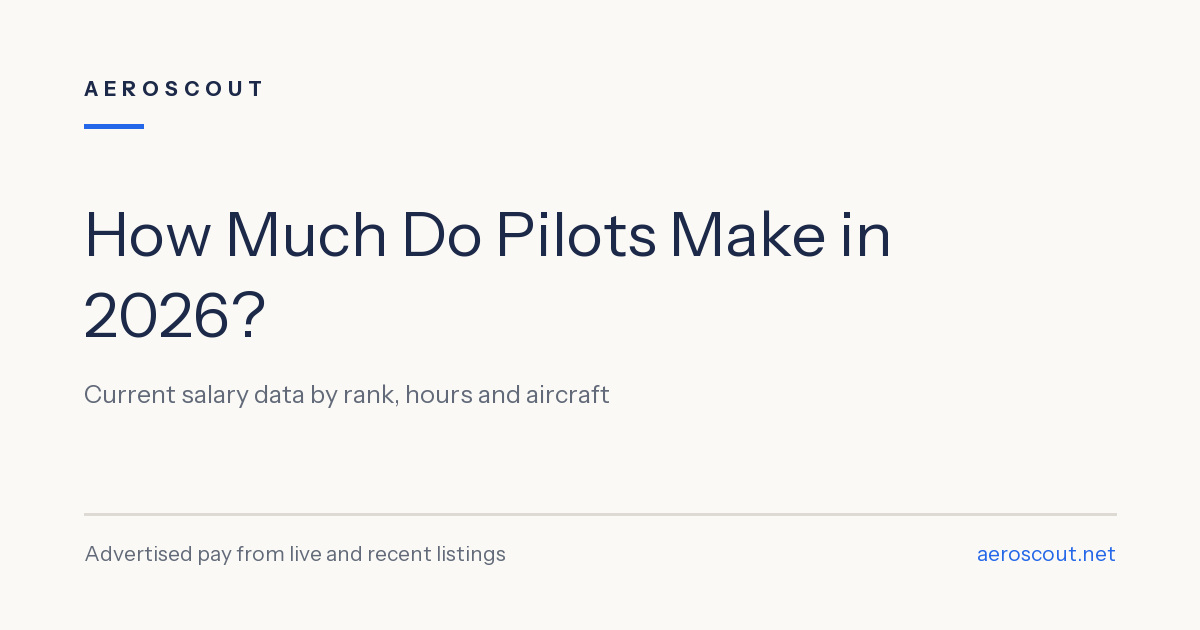 How Much Do Pilots Make in 2026? Current Salary Data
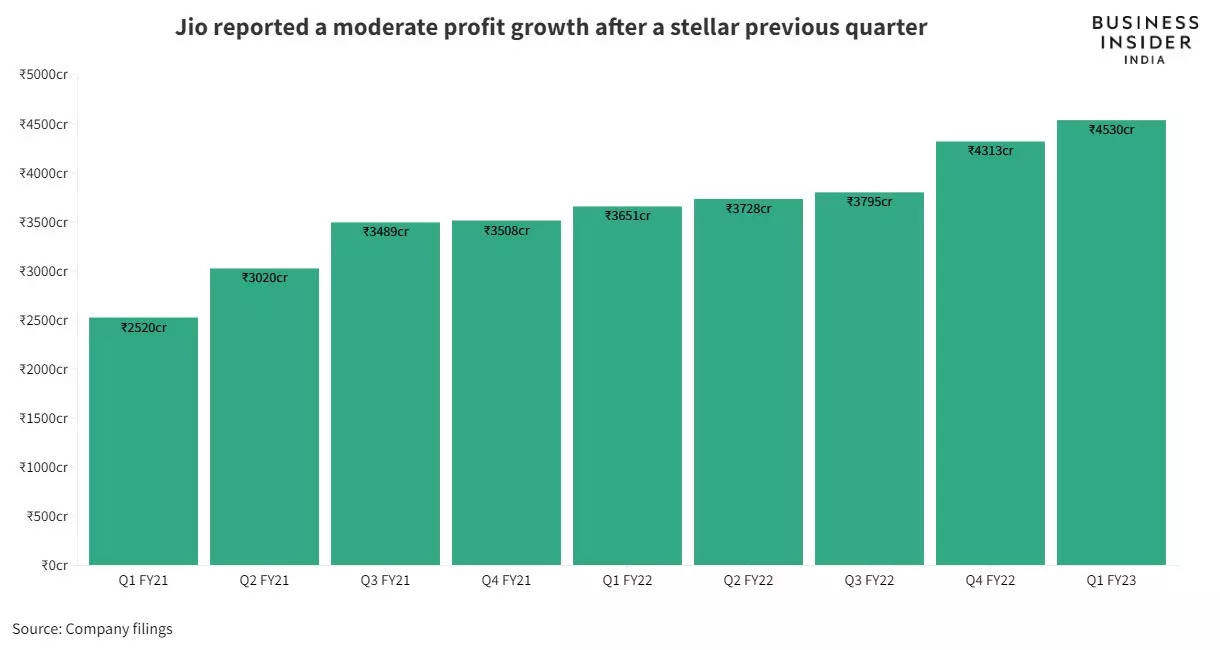 Jio Platforms gets Rs 730 crore investment from Qualcomm: 5 things to know  - BusinessToday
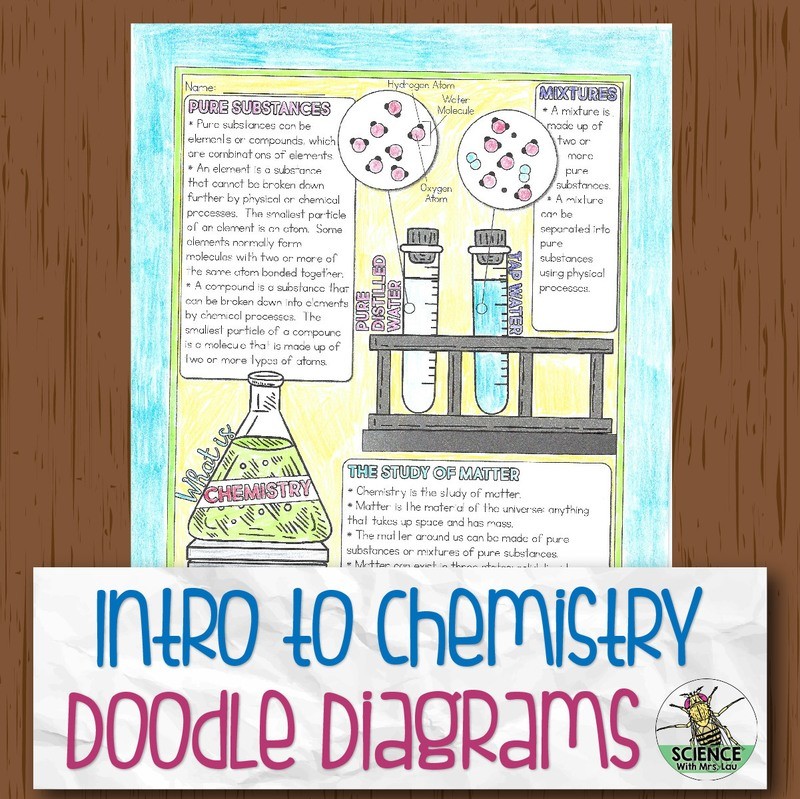 Intro to Chemistry Doodle Diagrams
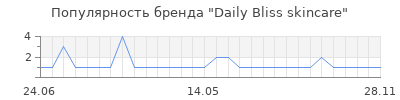 Популярность Daily Bliss skincare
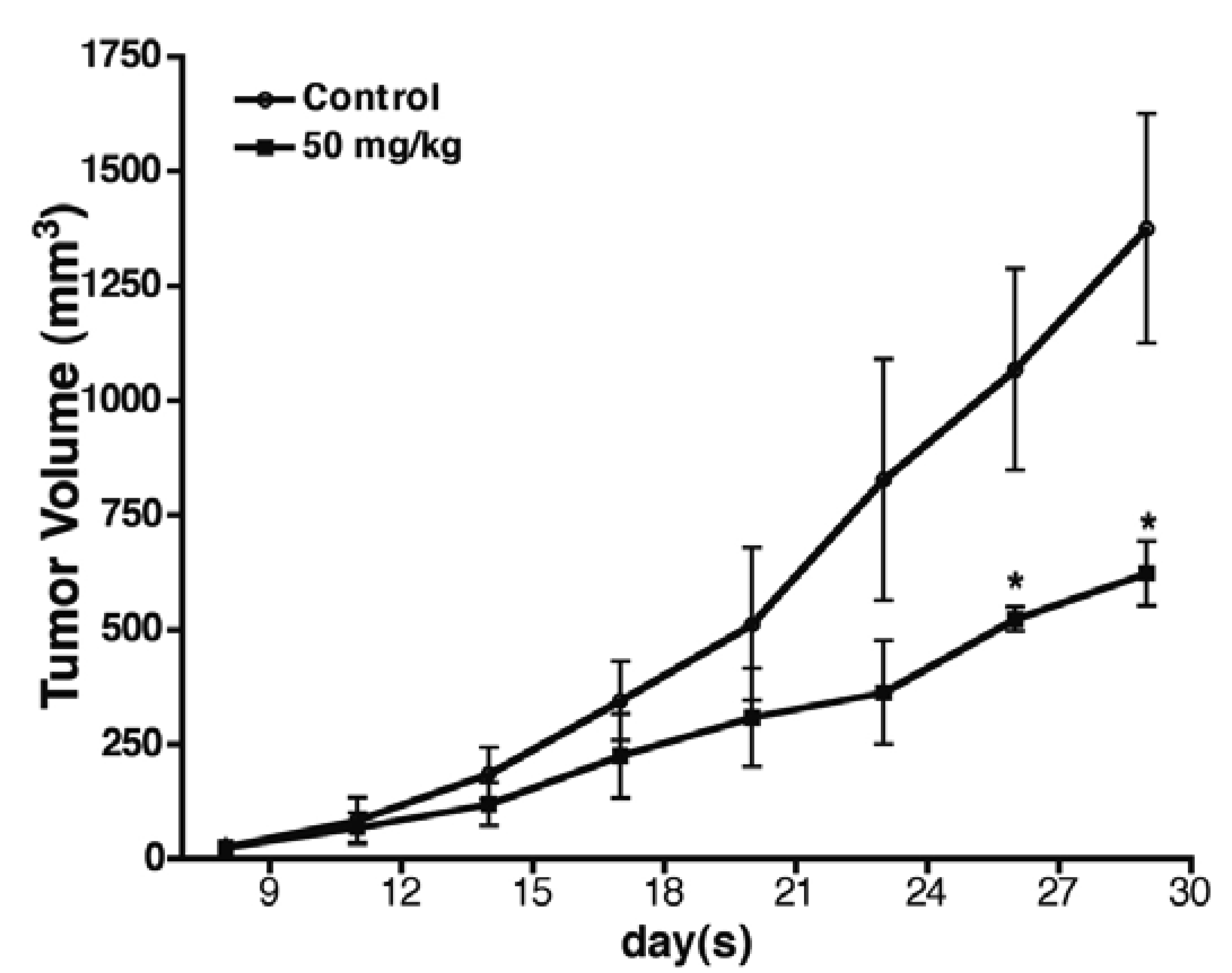 Molecules 17 03844 g007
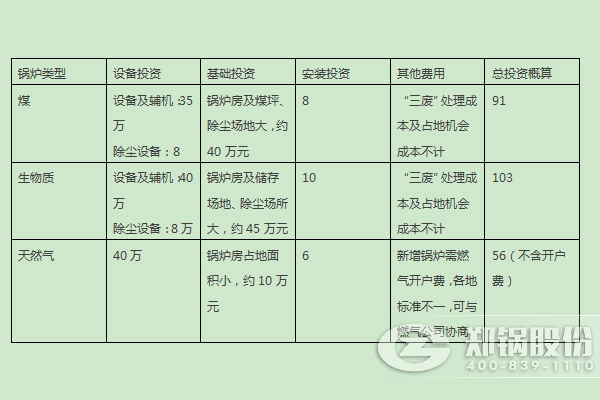 燃煤(mei)鍋鑪、燃(ran)生物(wu)質(zhì)(zhi)鍋(guo)鑪(lu)、天然(ran)氣(qi)鍋(guo)鑪(lu)的(de)燃料優(yōu)劣勢(shì)(shi)及(ji)初(chu)期(qi)投(tou)入(ru)對(duì)(dui)比?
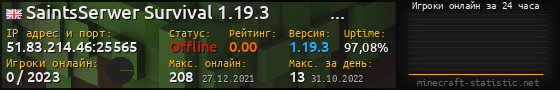Юзербар 560x90 с графиком игроков онлайн для сервера 51.83.214.46:25565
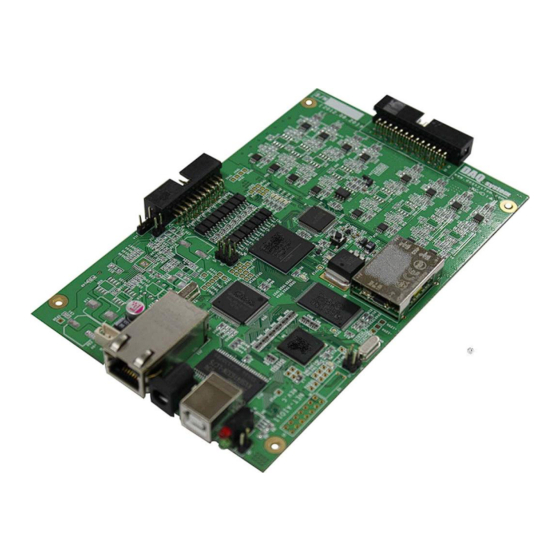 DAQ system NET-AIO11 User Manual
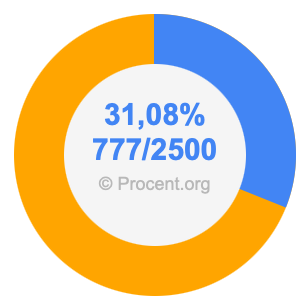 31,08 procent i bråk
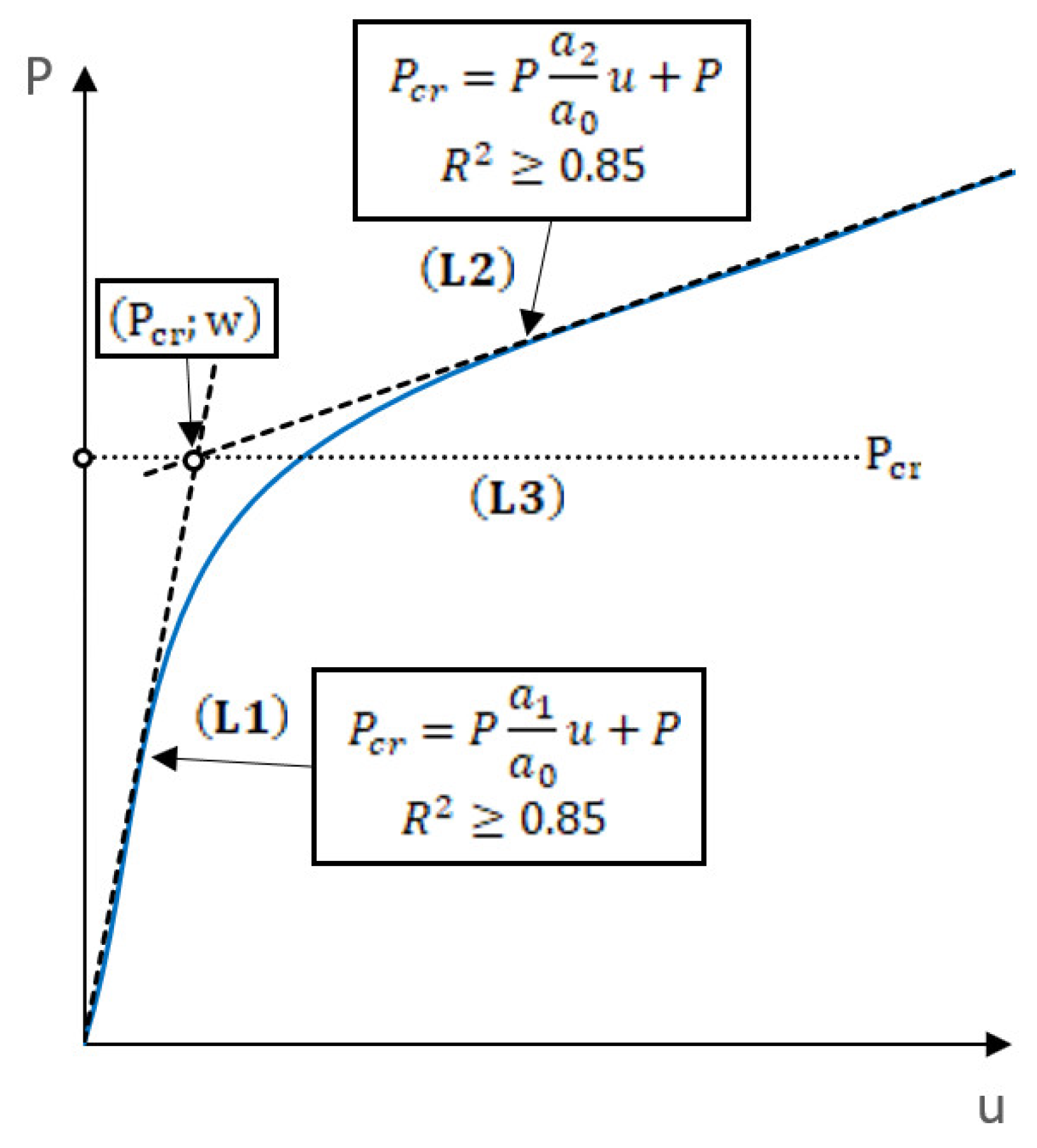 Materials 16 04948 g005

----------------------------------------

Set down again, exactly, the lines from the one with "Intro to Chemistry Doodle Diagrams" to the last line of the data, both included and pictures excluded.

 Intro to Chemistry Doodle Diagrams
 Популярность Daily Bliss skincare
 Molecules 17 03844 g007
 燃煤(mei)鍋鑪、燃(ran)生物(wu)質(zhì)(zhi)鍋(guo)鑪(lu)、天然(ran)氣(qi)鍋(guo)鑪(lu)的(de)燃料優(yōu)劣勢(shì)(shi)及(ji)初(chu)期(qi)投(tou)入(ru)對(duì)(dui)比?
Юзербар 560x90 с графиком игроков онлайн для сервера 51.83.214.46:25565
 DAQ system NET-AIO11 User Manual
 31,08 procent i bråk
 Materials 16 04948 g005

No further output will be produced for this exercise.